▶ **Work instruction**: Among the entries below, only the lines from the one with "Horse Color:Chestnut Near Leopard" through the one with "世界舍飼養牛業的致命殺手——組胺與內毒素" are to be retyped, exactly and without pictures.

BEGIN Dataset records

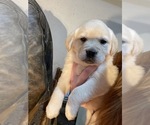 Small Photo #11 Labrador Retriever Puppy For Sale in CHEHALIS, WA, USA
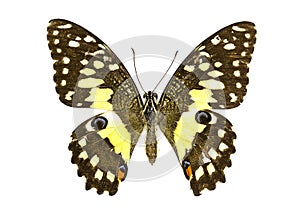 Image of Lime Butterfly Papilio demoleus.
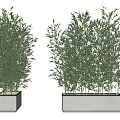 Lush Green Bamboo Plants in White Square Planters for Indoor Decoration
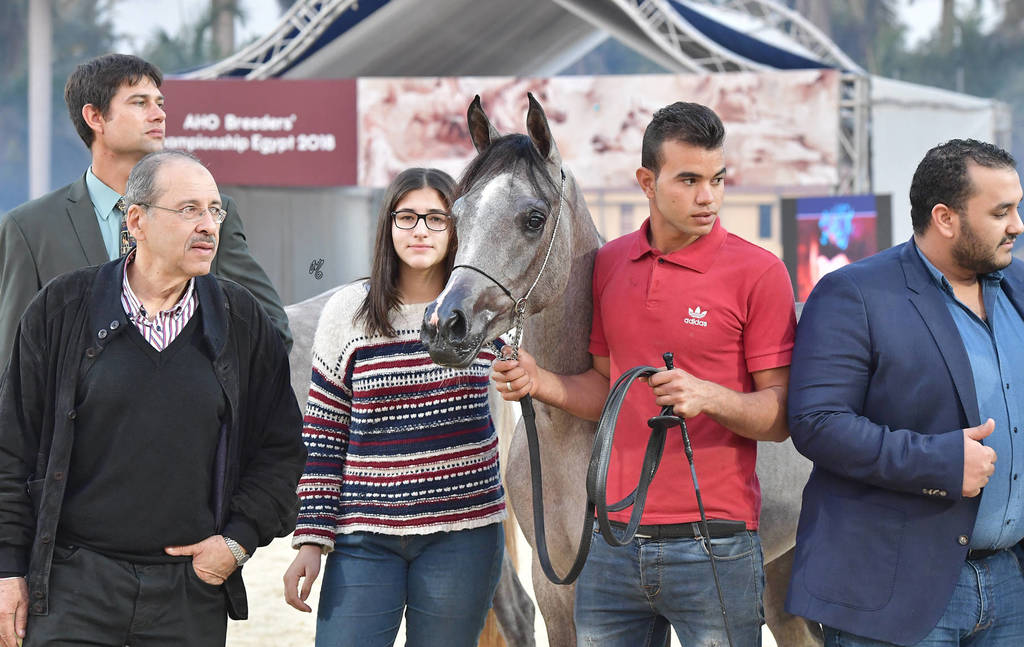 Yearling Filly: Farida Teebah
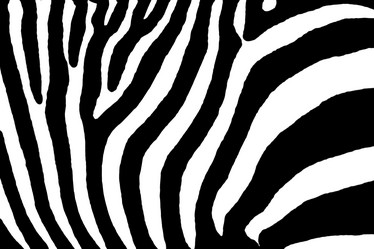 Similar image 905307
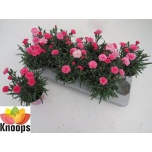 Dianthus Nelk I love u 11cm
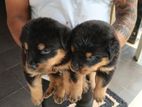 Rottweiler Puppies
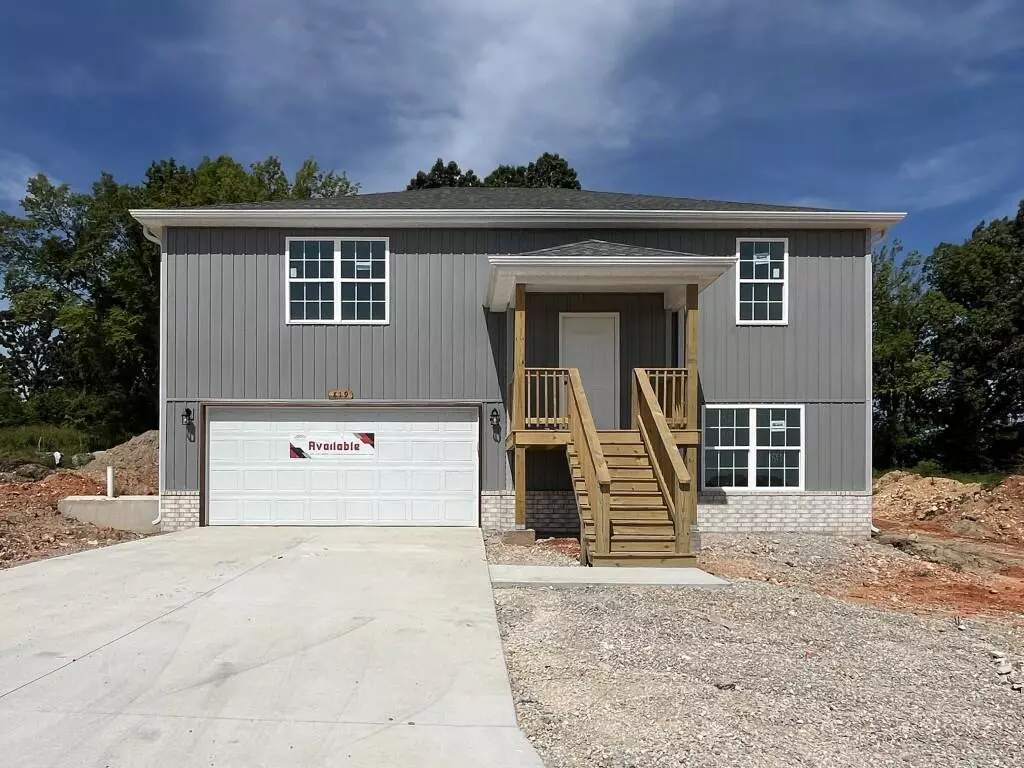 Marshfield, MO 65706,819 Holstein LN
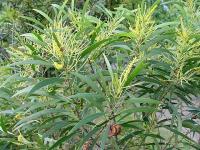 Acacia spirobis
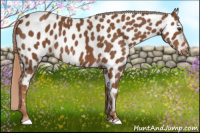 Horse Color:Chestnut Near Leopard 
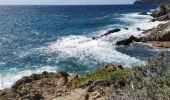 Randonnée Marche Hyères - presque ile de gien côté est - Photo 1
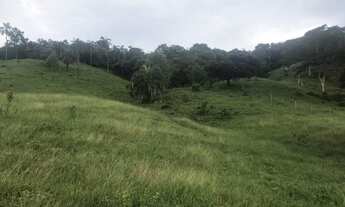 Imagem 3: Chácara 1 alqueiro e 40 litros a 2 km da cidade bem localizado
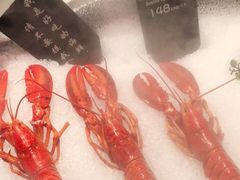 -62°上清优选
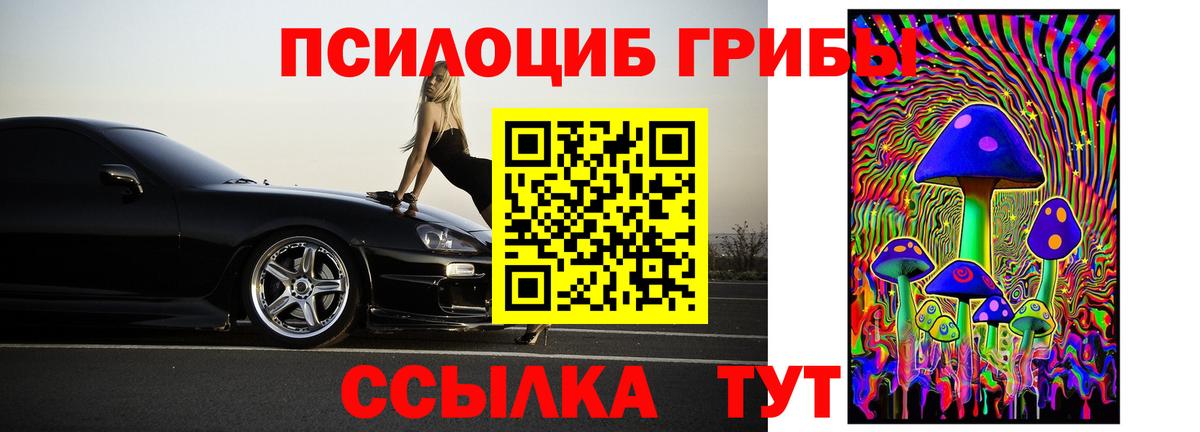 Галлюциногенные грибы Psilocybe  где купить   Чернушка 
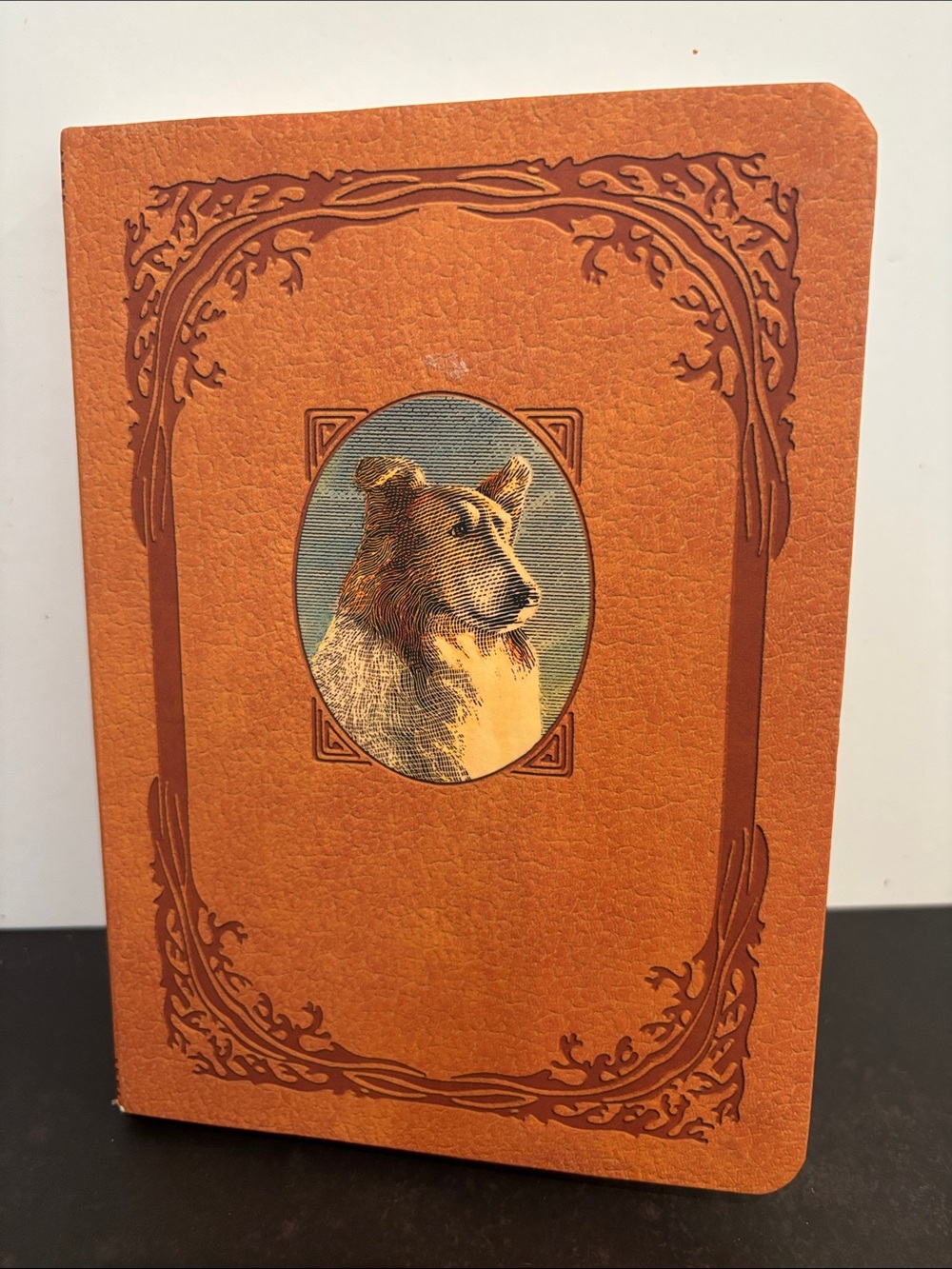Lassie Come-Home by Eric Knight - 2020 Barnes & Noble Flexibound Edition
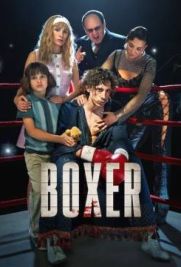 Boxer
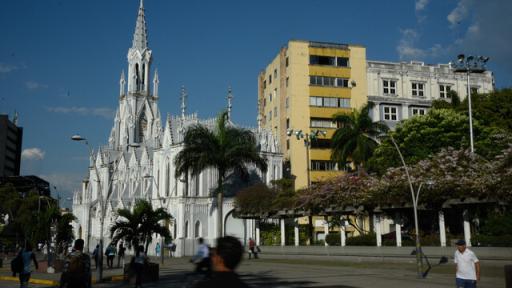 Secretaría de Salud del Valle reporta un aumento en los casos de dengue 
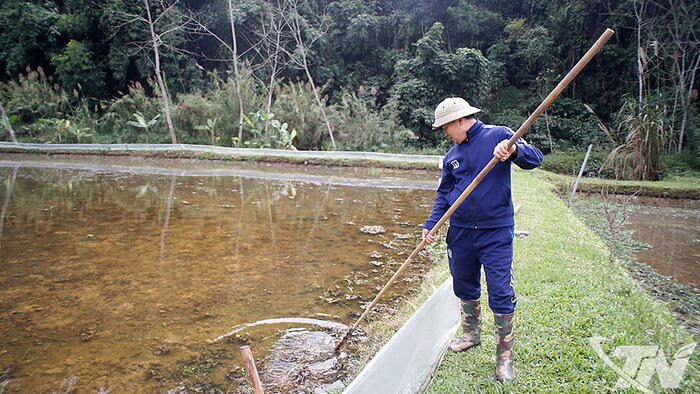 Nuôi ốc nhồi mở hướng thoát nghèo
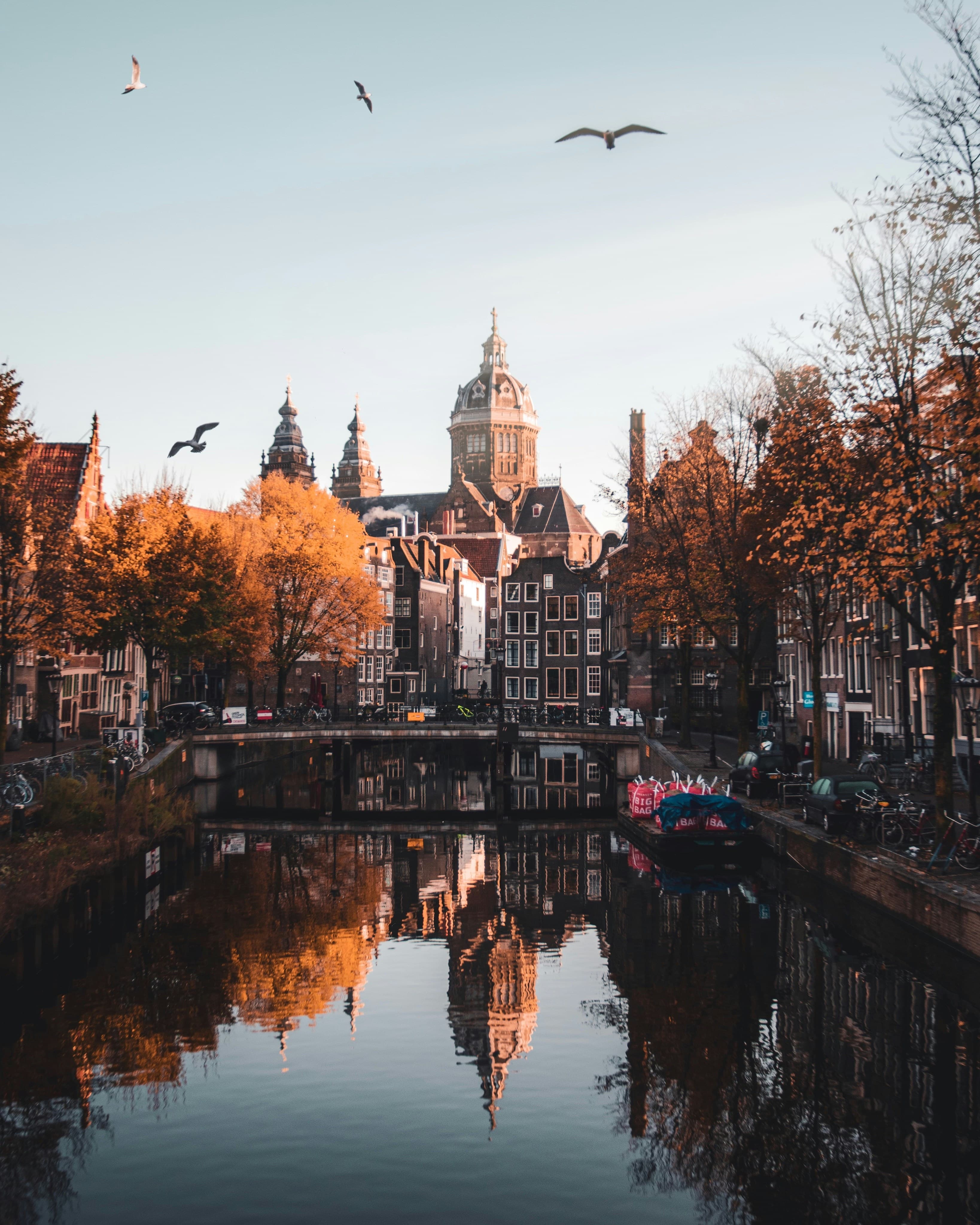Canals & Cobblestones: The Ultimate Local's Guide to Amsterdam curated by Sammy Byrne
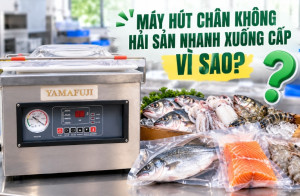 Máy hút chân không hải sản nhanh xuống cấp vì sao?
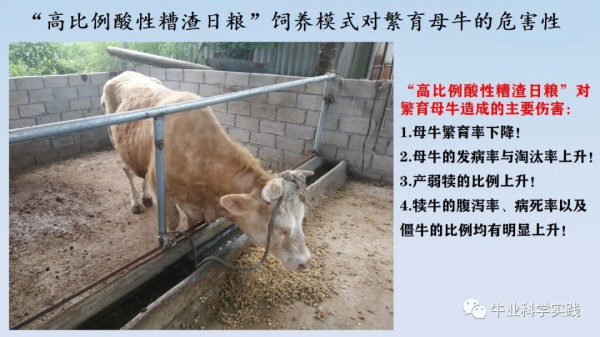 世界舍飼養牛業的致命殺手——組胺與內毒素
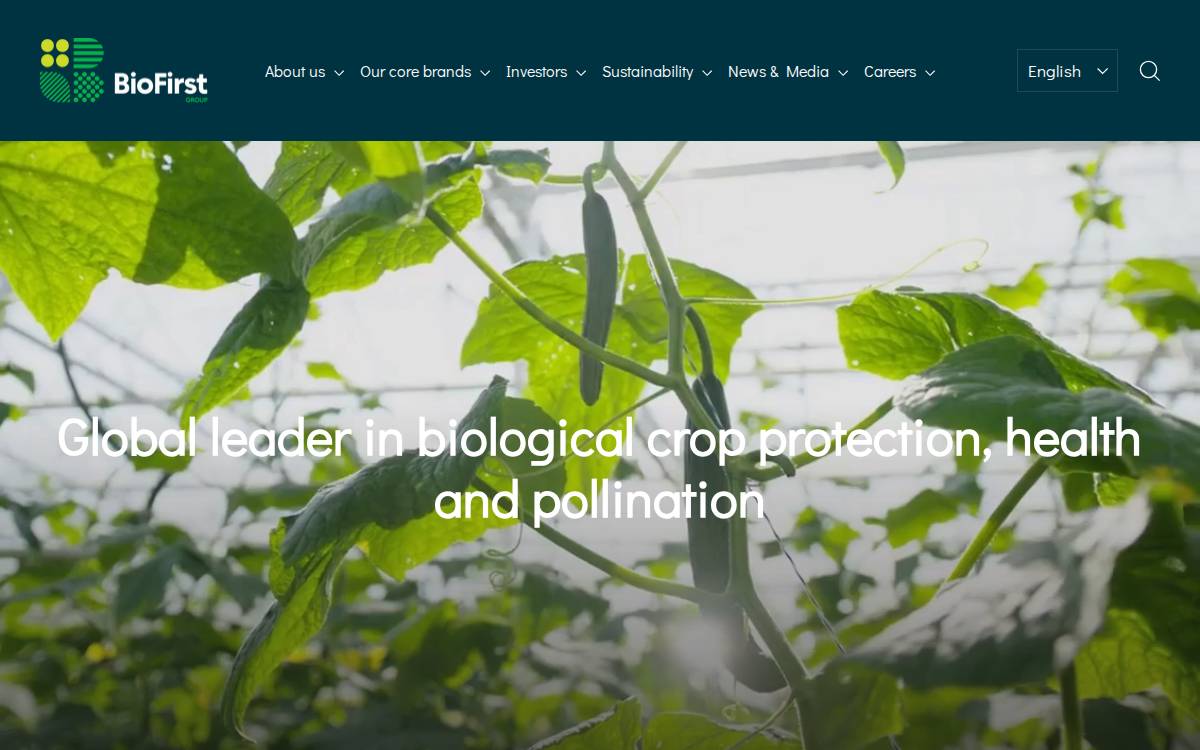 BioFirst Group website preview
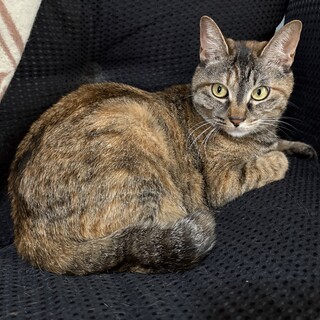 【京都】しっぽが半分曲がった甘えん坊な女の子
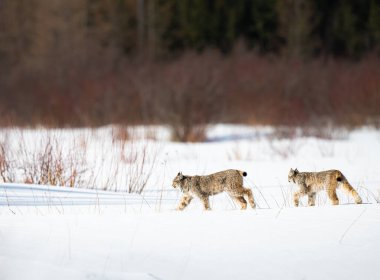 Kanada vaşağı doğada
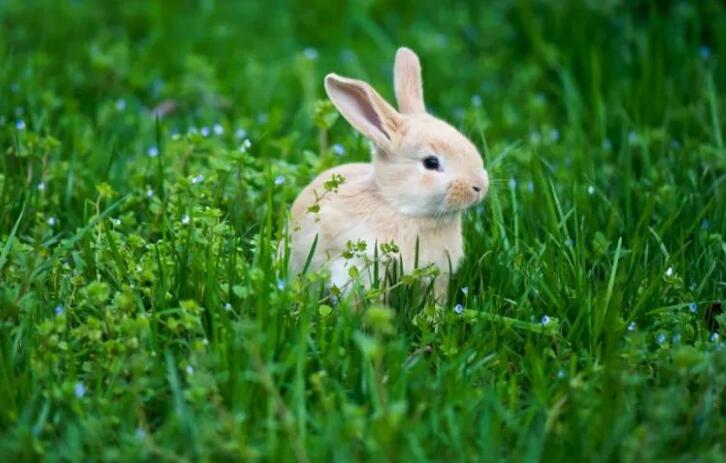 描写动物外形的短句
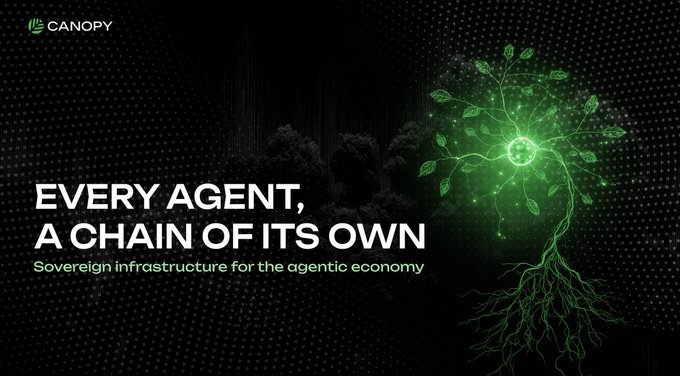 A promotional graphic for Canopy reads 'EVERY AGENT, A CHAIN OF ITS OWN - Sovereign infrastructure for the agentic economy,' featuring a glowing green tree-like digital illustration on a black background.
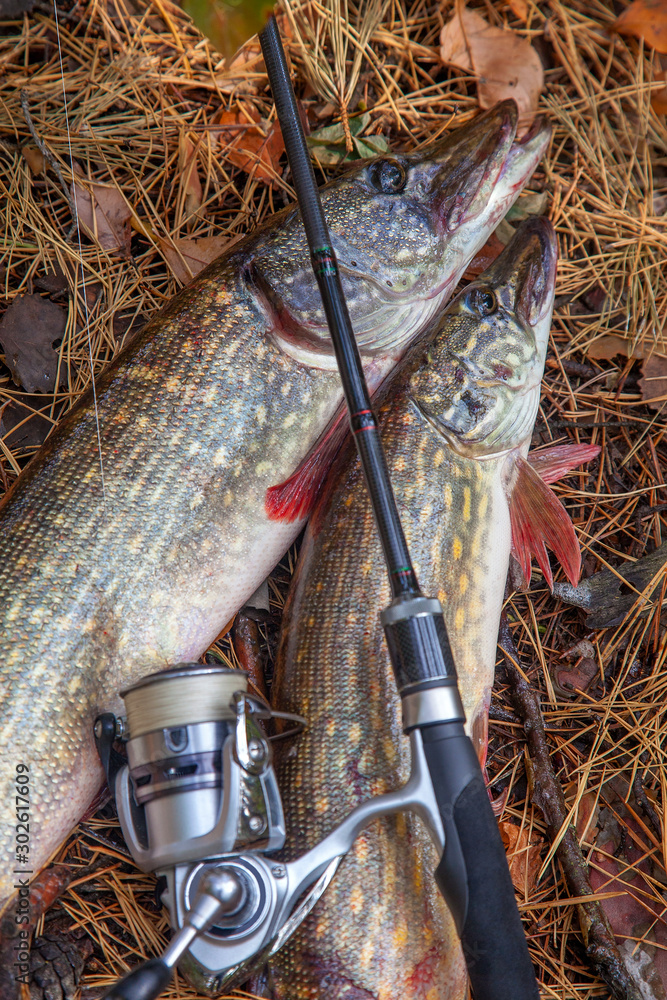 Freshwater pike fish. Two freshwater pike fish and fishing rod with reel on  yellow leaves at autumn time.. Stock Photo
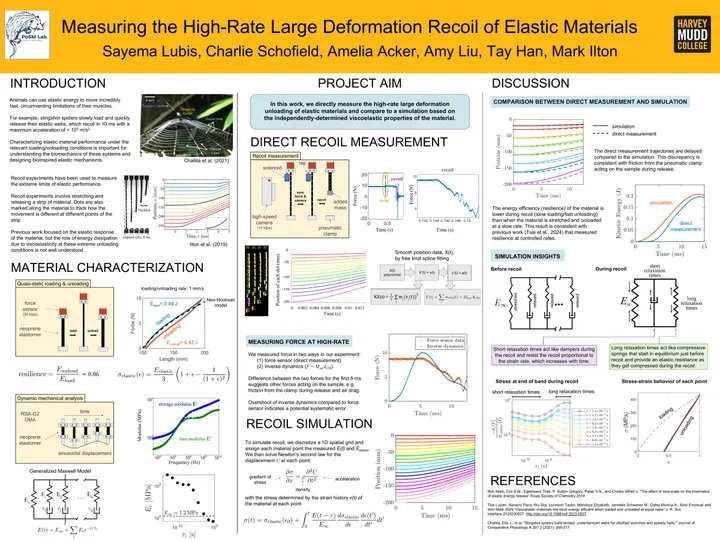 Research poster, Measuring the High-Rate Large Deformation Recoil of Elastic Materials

END Dataset records

▶ **Solution to this problem**:
 Horse Color:Chestnut Near Leopard 
 Randonnée Marche Hyères - presque ile de gien côté est - Photo 1
 Imagem 3: Chácara 1 alqueiro e 40 litros a 2 km da cidade bem localizado
 -62°上清优选
 Галлюциногенные грибы Psilocybe  где купить   Чернушка 
Lassie Come-Home by Eric Knight - 2020 Barnes & Noble Flexibound Edition
 Boxer
 Secretaría de Salud del Valle reporta un aumento en los casos de dengue 
 Nuôi ốc nhồi mở hướng thoát nghèo
Canals & Cobblestones: The Ultimate Local's Guide to Amsterdam curated by Sammy Byrne
 Máy hút chân không hải sản nhanh xuống cấp vì sao?
 世界舍飼養牛業的致命殺手——組胺與內毒素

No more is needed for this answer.